Heureusement rien à voir avec le souvenir douleureux que tu évoques, mais la fin juin 2005 a aussi marqué un premier tournant décisif dans ma vie. Cela n'a pas généré de terribles souffrances, mais un important remue ménage qui a duré plus de trois mois pendant lesquels je perdais un peu mes repères dès que je me retrouvais seul le soir chez moi devant l'ordinateur. Heureusement, j'ai fini par faire les bonnes rencontres et cela s'est bien terminé.

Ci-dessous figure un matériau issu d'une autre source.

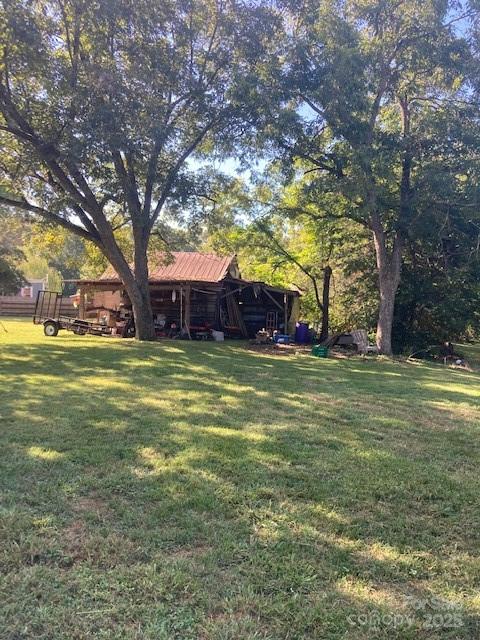 6700 Sisk-Carter Road Rockwell, NC 28138 - Photo 13 of 26 a view of swimming pool with an outdoor space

Tu dis que tu te battais pour défendre ton point de vue. Je crois bien là me reconnaître aussi un peu. Je suis encore comme ça au fond de moi-même, mais j'ai fini par apprrendre une certaine mesure. J'ai sans doute appris à être un peu moins sûr de moi, à davanatge écouter les points de vue divergents. Plus que de la sagesse, c'est plutôt de la paresse de ma part ou l'évitement des conflits, souvent plus ou moins stériles. Mais il m'arrive encore de succomber à la polémique, le jeu étant d'aller le plus loin possible dans la mauvaise foi. Mais ce jeu n'est permis qu'avec de rares personnes qui sont conscientes du jeu. J'ai fait plusieurs fois l'amère expérience que certaines personnes prenaient tout ce que je disais au premier degré ou n'acceptaient pas mes propos nécessairement outrés. De ce côté là, je suis encore un peu un sale gosse.
C'est très bête mais ce texte, avec une date et un peu en forme de mise au point m'a un peu rasséréné. Venu me balader ici tardivement, j'ai découvert ce deuil par bribes, ton Pierre me faisait l'effet d'un fantôme parcourant ton blog. Les choses sont à leur place maintenant.
Sinon, juin 2005, étrange paradoxe qui n'a pu que me frapper, c'est le début de mon histoire d'amour avec Vladimir...
"Tu es Pierre et sur cette pierre je construirai mon Eglise" St Jean.
Je ne te connais que depuis 2 ou 3 ans mais le "Potomac" d'aujourd'hui est plein d'équilibre...
Bises.
Cornus et Karagar:On n'imagine guère, lorsque l'on souffre, que d'autres puissent être heureux au même moment. C'est pourtant normal et même quelque part rassurant.
Plein, je ne sais pas, Philippe. En tout cas probablement en meilleur état.